**What you have to do:**
Exactly as written, return all the data, leaving its pictures behind.

**Dataset excerpt:**
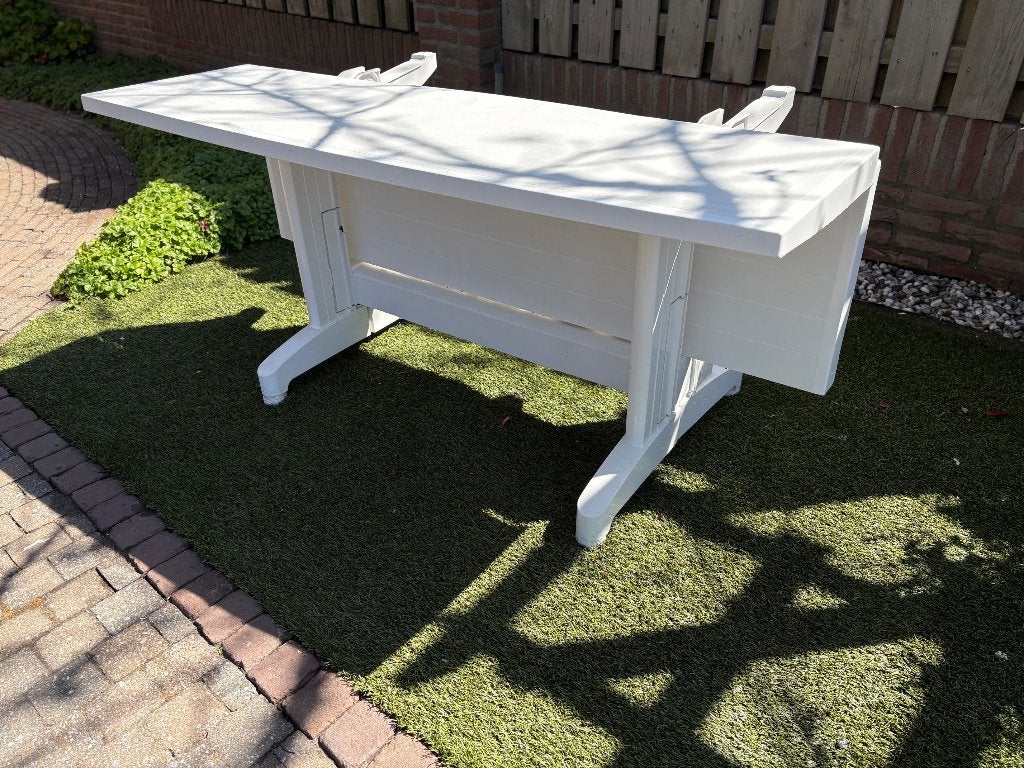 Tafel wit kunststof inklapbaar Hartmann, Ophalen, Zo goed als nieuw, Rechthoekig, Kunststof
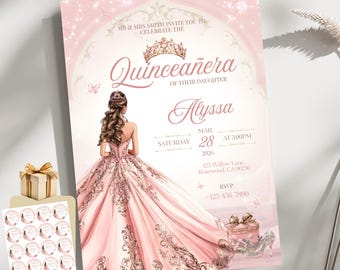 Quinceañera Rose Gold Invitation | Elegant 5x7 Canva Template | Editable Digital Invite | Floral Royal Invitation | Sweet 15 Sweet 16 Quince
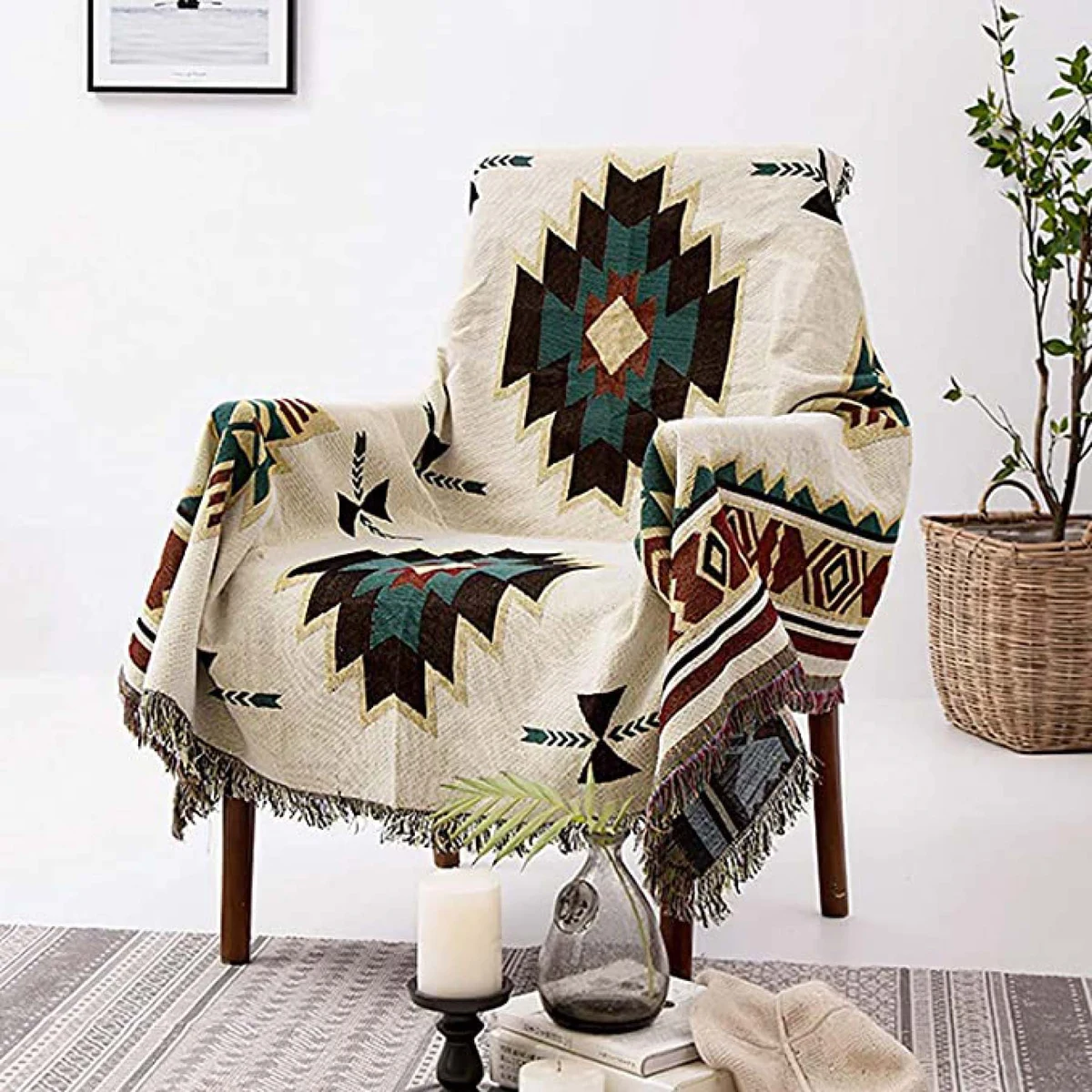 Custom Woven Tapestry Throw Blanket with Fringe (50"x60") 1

**Your response:**
 Tafel wit kunststof inklapbaar Hartmann, Ophalen, Zo goed als nieuw, Rechthoekig, Kunststof
 Quinceañera Rose Gold Invitation | Elegant 5x7 Canva Template | Editable Digital Invite | Floral Royal Invitation | Sweet 15 Sweet 16 Quince
 Custom Woven Tapestry Throw Blanket with Fringe (50"x60") 1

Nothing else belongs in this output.